El medio acto se intensifica, sudor perlando frentes, respiraciones jadeantes sincronizadas con la música. Sofia lubrica su verga con gel de fresa, te penetra lento mientras Luna te mama. El estiramiento inicial quema delicioso, paredes internas apretando, cada embestida enviando ondas de placer desde la próstata. ¿Te gusta, wey? ¿Mi verga en tu culo?
pregunta Sofia, voz ronca, y tú gruñes un sí, manos clavadas en sus caderas anchas. Luna se monta en tu polla, follada vaginal si lo prefiere, pero en este caso su propia verga frotándose contra tu vientre, pre-semen untoso lubricando.
Cambian, tú follas a Luna doggy style, su culo tragándote entero, contracciones rítmicas ordeñándote. Sofia por detrás te come el culo con lengua experta, dedos curvados masajeando tu punto G. Gemidos llenan la habitación: ¡Más duro, pendejo! ¡Dame todo!
La intensidad psicológica crece, inseguridades disipadas en oleadas de placer compartido. Sientes sus pollas palpitando, listas para explotar, el olor a sexo crudo impregnando el aire, pieles chocando con palmadas húmedas.

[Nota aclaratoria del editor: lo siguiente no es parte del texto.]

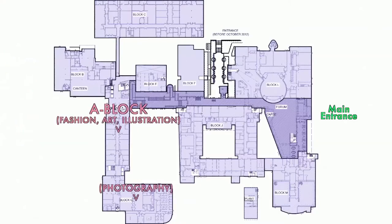Above my head right now is A block, which houses the fashion and design students, and the other students have their classrooms there too. All of it's been recently refurbished so it's really shiny and it also smells of paint.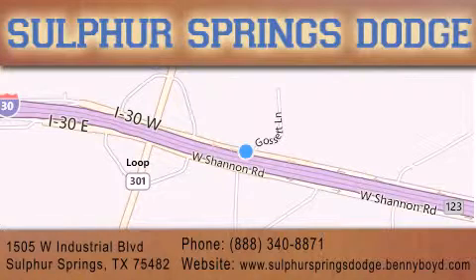Or stop by our dealership. We are conveniently located at 1505 West Industrial Drive in Sulphur Springs. Our goal is to exceed all of your expectations to ensure that you'll return for future service. You're going to love us.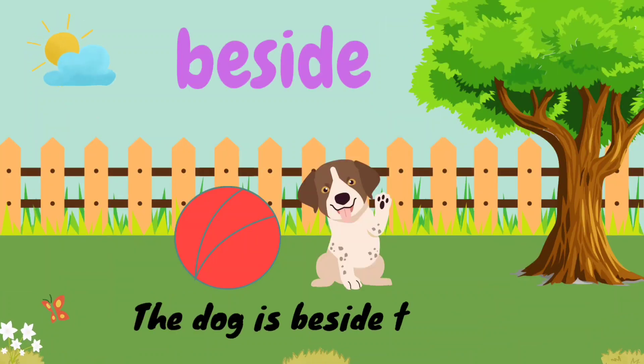B-E-S-I-D-E. Beside. The dog is beside the ball.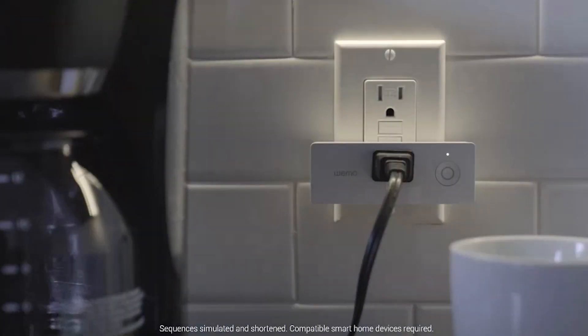OK Google, good morning. And Google will turn on the lights, tell me how long it's going to take me to get to work, and then read the headlines from some of my favorite media outlets. And it's super customizable, so you can program pretty much any phrase to activate all kinds of smart home actions.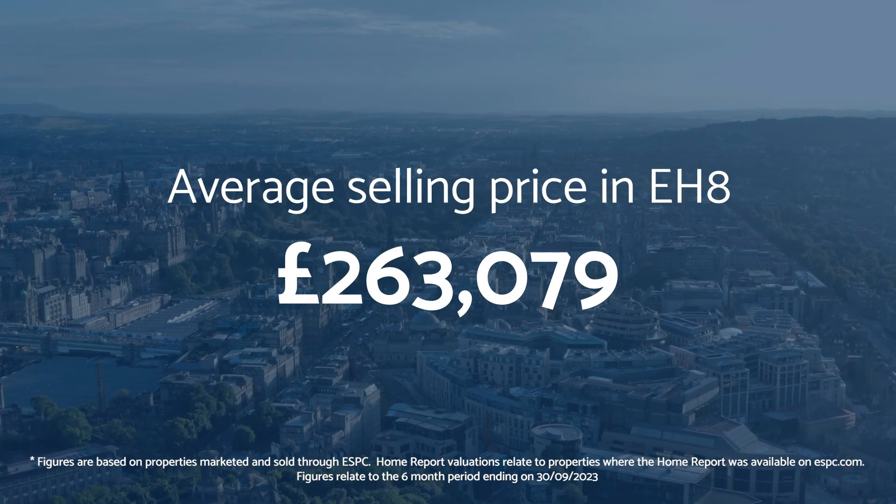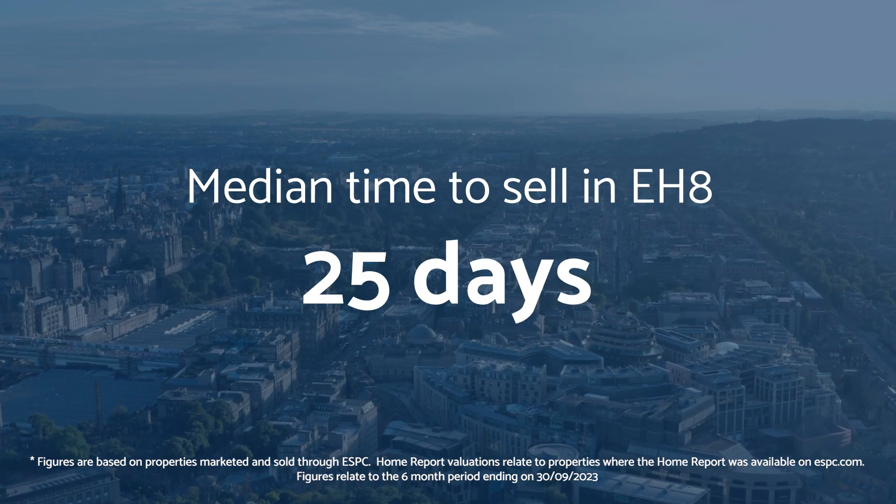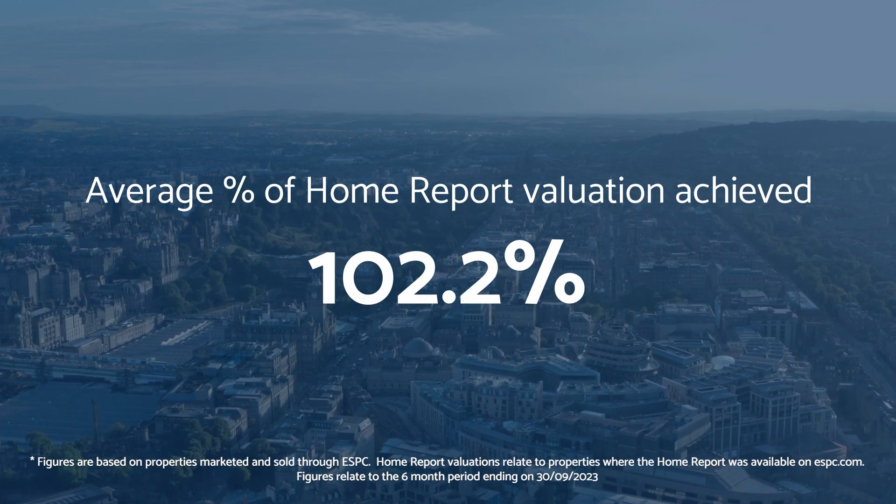Here's some property market data. For more information about investing in a buy-to-let property, get in touch with us at espc.com/letting.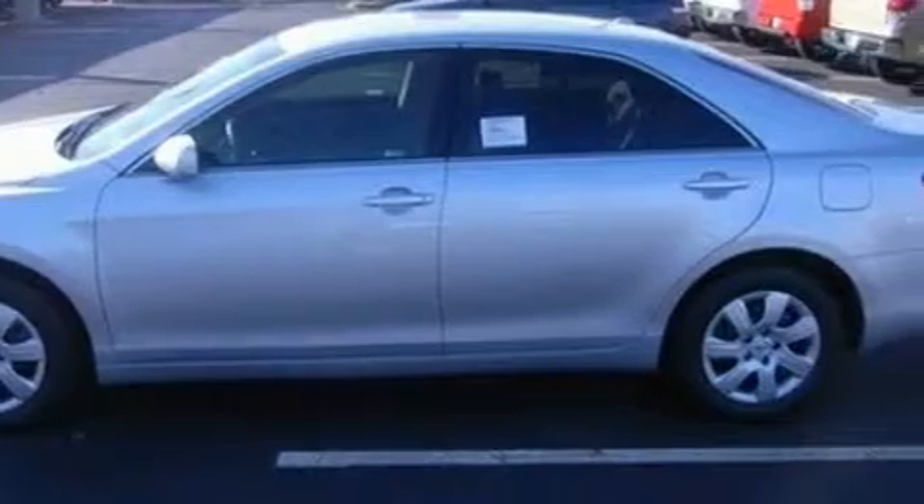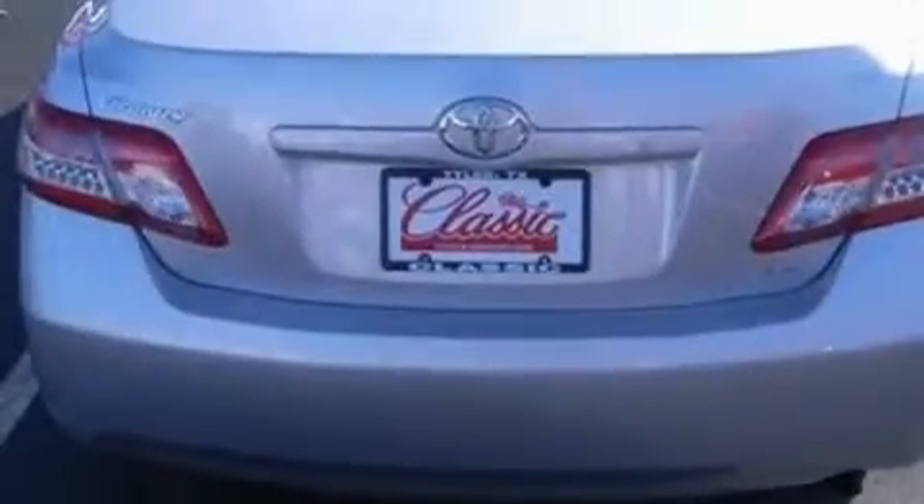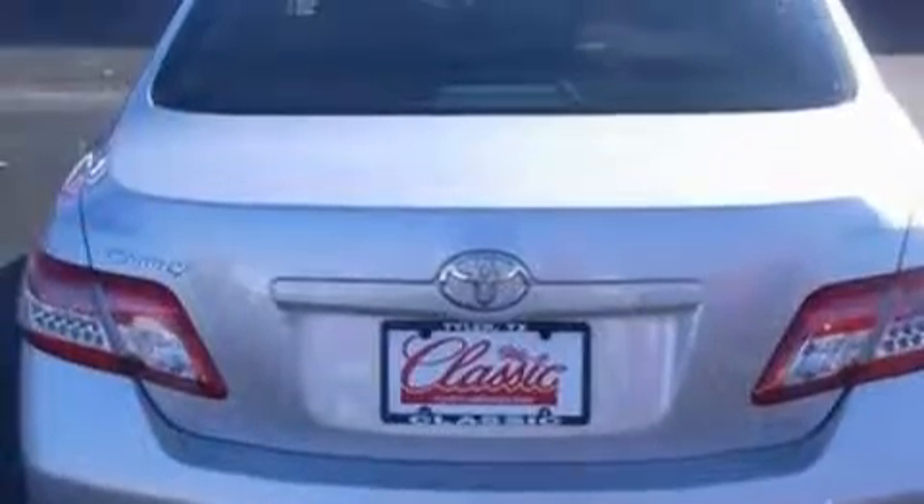Complementing this Toyota's contemporary styling is a stunning array of desirable features which include a driver's seat lumbar support, power windows, a CD player, rear curtain airbags, a four-wheel anti-lock braking system, and this vehicle has the safety and efficiency of front-wheel drive.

El clímax llega como tormenta: Luna se corre primero, chorros calientes salpicando tu pecho, sabor salado cuando lames un dedo. Tú embistes profundo, verga hinchada descargando dentro de ella, espasmos interminables vaciándote. Sofia se une, masturbándose furiosa sobre vuestros cuerpos entrelazados, leche espesa cayendo en gotas perladas. Colapsan los tres, un enredo sudoroso y satisfecho, pulsos latiendo al unísono.
El afterglow es puro paraíso. Acaricias el cabello de Sofia, oliendo a champú de jazmín, mientras Luna traza círculos en tu abdomen con uñas largas. Qué trío transexual tan cabrón, ¿verdad?
dice Sofia riendo bajito, y tú asientes, el cuerpo pesado de placer residual. Conversan en susurros, compartiendo anécdotas de noches locas en la Condesa, fortaleciendo el lazo más allá de lo físico. Te sientes empoderado, deseado, parte de algo único y consensual.
Nunca imaginé que un trío transexual me dejaría así de lleno, no solo físicamente, sino en el alma. Estas morras son fuego puro, y yo, afortunado wey.
La madrugada los envuelve, luces de la ciudad filtrándose por cortinas. Se duchan juntos, agua caliente cascando sobre pieles sensibles, jabón de lavanda espumando entre curvas. Salen del depa con promesas de repetir, besos prolongados en la puerta. Caminas a la calle, el sol naciente tiñendo el cielo de rosa, un sonrisa boba en la cara. La experiencia lingers, un calor persistente en el pecho, recordatorio de que la pasión en tríos transexuales puede cambiarte para siempre.